🤖 AI Summary
In safety-critical domains such as maritime operations, manual assessment of procedural communication compliance suffers from low efficiency and poor reproducibility. To address this, we propose Prompt-and-Check: a zero-shot, context-augmented prompting framework that leverages open-source large language models (LLaMA 2/3, Mistral) on local GPU hardware (RTX 4070) to perform fine-grained compliance classification directly from dialogue transcripts—without model fine-tuning. The method enables context-aware reasoning and fully offline deployment. Experimental evaluation demonstrates strong agreement between model predictions and domain expert annotations (Cohen’s κ > 0.85), significantly enhancing automation and objectivity in post-training debriefing of simulation-based training. Prompt-and-Check establishes a lightweight, interpretable, and deployable paradigm for compliance assessment in high-reliability human–AI collaborative settings.
📝 Abstract
Accurate evaluation of procedural communication compliance is essential in simulation-based training, particularly in safety-critical domains where adherence to compliance checklists reflects operational competence.

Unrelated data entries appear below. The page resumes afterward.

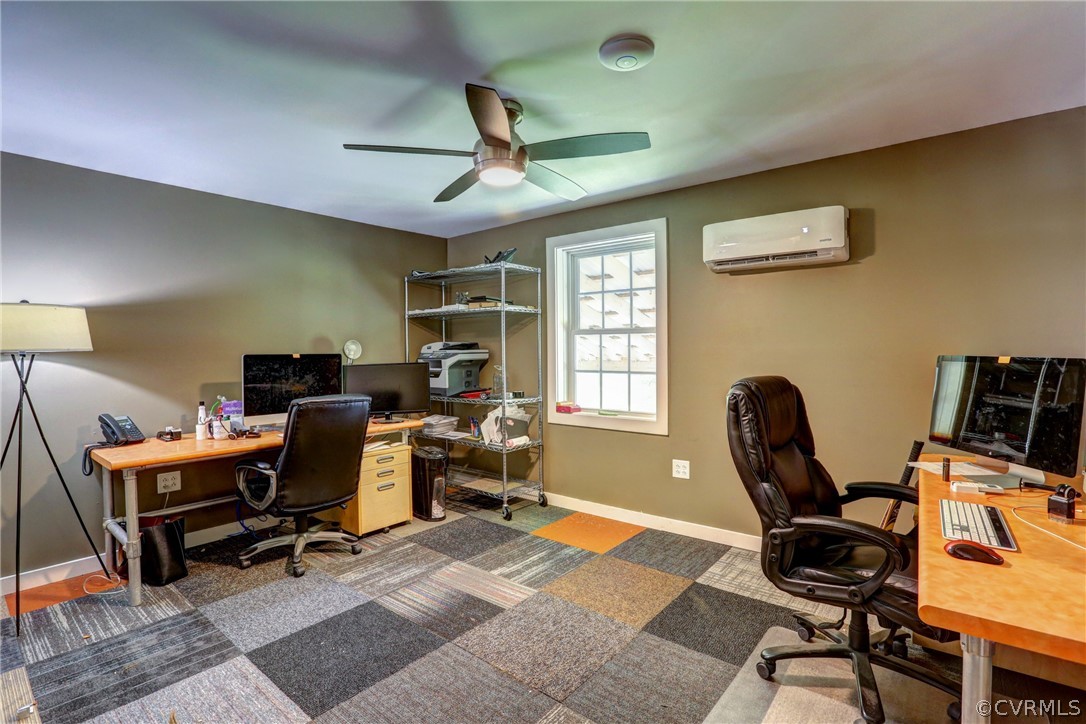 5226 North Warriner Road Richmond, VA 23231 - Photo 41 of 50 a view of a workspace with furniture and a window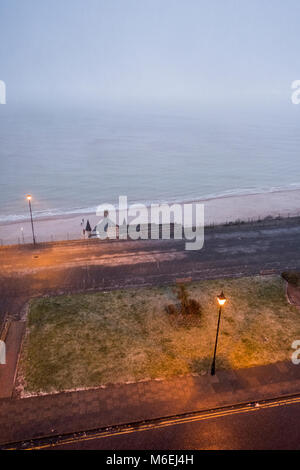 Victoria Parade, Ramsgate; walking along the seafront during a snow flurry in February. Stock Photo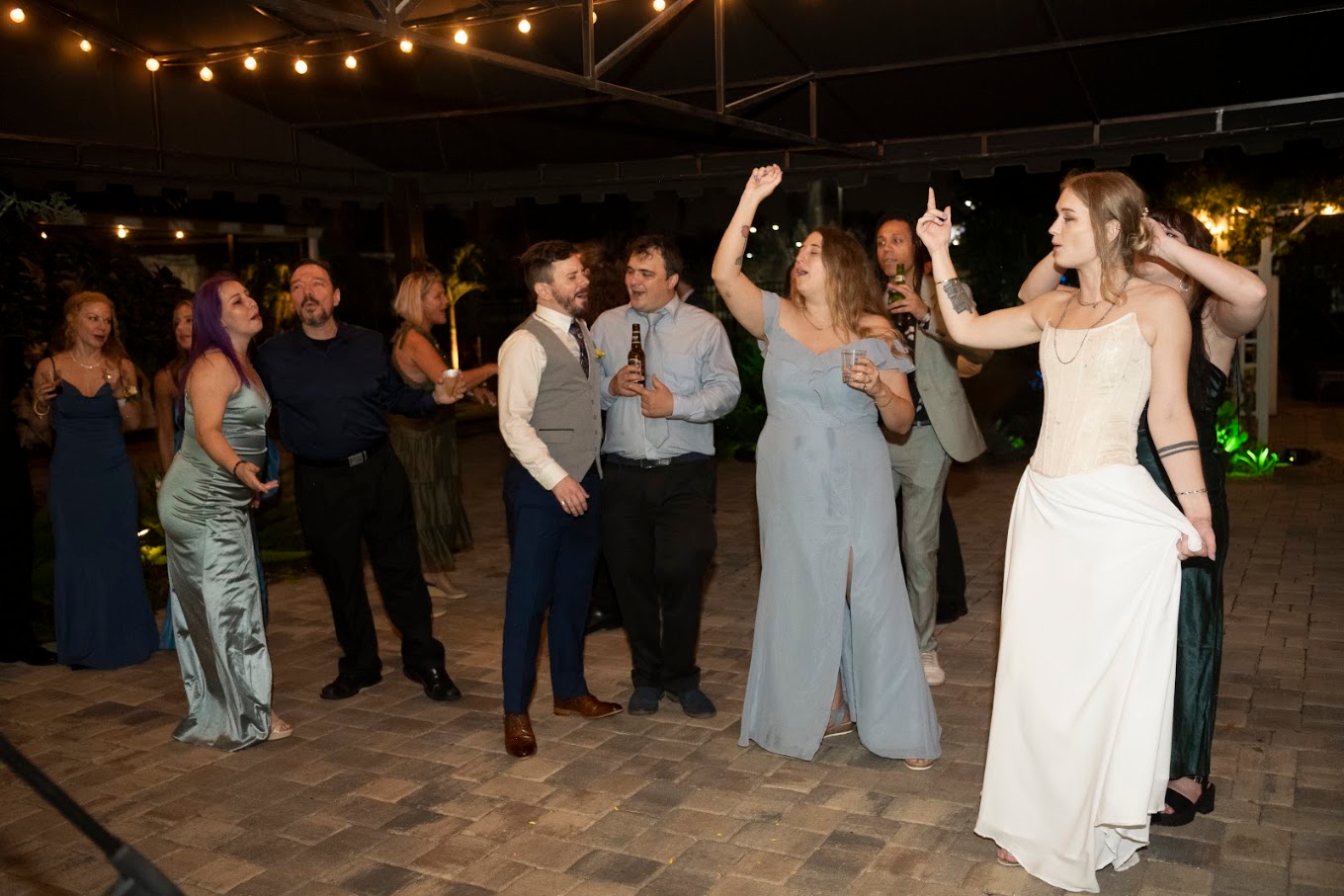 Wedding guests and the bride singing along under string lights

This paper explores a lightweight, deployable approach using prompt-based inference with open-source large language models (LLMs) that can run efficiently on consumer-grade GPUs. We present Prompt-and-Check, a method that uses context-rich prompts to evaluate whether each checklist item in a protocol has been fulfilled, solely based on transcribed verbal exchanges. We perform a case study in the maritime domain with participants performing an identical simulation task, and experiment with models such as LLama 2 7B, LLaMA 3 8B and Mistral 7B, running locally on an RTX 4070 GPU. For each checklist item, a prompt incorporating relevant transcript excerpts is fed into the model, which outputs a compliance judgment. We assess model outputs against expert-annotated ground truth using classification accuracy and agreement scores. Our findings demonstrate that prompting enables effective context-aware reasoning without task-specific training. This study highlights the practical utility of LLMs in augmenting debriefing, performance feedback, and automated assessment in training environments.